The terrorist attacks on September 11, 2001 on the World Trade Centre towers and the Pentagon shook the world from the heart of New York. The unprecedented lethality caused and the coordination of events on that day gave a new meaning to terrorism. Yet, it also left the United States of America (US) with a tough decision to make in the aftermath. The contradictions in the counter-insurgency strategies used by the US and NATO in Afghanistan and avoidance of any Taliban insurgence contributed to their failure to achieve their goals to win the war (Peceny and Bosin, 2011).
Following former President George W. Bush’s declaration on the war on terror, two consecutive US administrations followed counter-insurgency strategies that focused on fighting the Taliban in its initial stages (Eikenberry, 2013); a classical shape-clear-hold strategy that was used in the Malaya emergency that prioritised killing over restoring government authority (Thruelsen, 2010). Peceny and Bosin (2011), argue that Washington was not ready to go into war; however, the Bush Administration strongly believed that a military intervention was the “the only way” to defeat Osama bin Laden.

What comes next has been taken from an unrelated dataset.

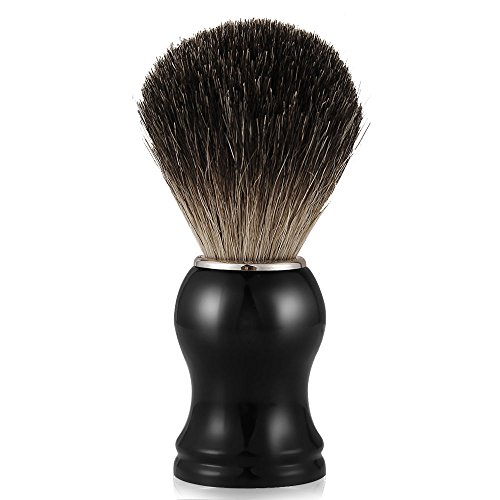 Mture Dachshaar Rasierpinsel,Badger Shaving Brush Dachshaar Männer Rasierpinsel,100% Dachshaar,Ebenholzimitatgriff, für die perfekte Rasur,Rasierschaum-Pinsel/Rasurzubehör (Schwarz)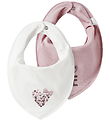 Name It Drool bib - 2-Pack - NbfYvette - White/Pink w. Print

The Northern Alliance, that was once expelled from the Kabul government by the Taliban were the best proponents to the US counter-insurgency; in fact, they paved the way for “one of the greatest military successes of the 21st century” (O’Hanlon apud Peceny and Bosin, 2011). Kabul was captured in just three months after September 11 2001, Osama bin Laden’s forces fled to the neighbouring Pakistan and the Taliban regime was overthrown (Peceny and Bosin, 2011), a short-term victory when compared to the end result.
A reconstruction of Afghanistan was announced as a part of the counter-insurgency strategy to restore Afghanistan’s authority (Council on Foreign Relations, 2000). The Northern Alliance relations remained on a military level and the US developed ties with the Pashtun southern minority in fears of any opposition, or worse, growing support for the Taliban in the region (Peceny and Bosin, 2011).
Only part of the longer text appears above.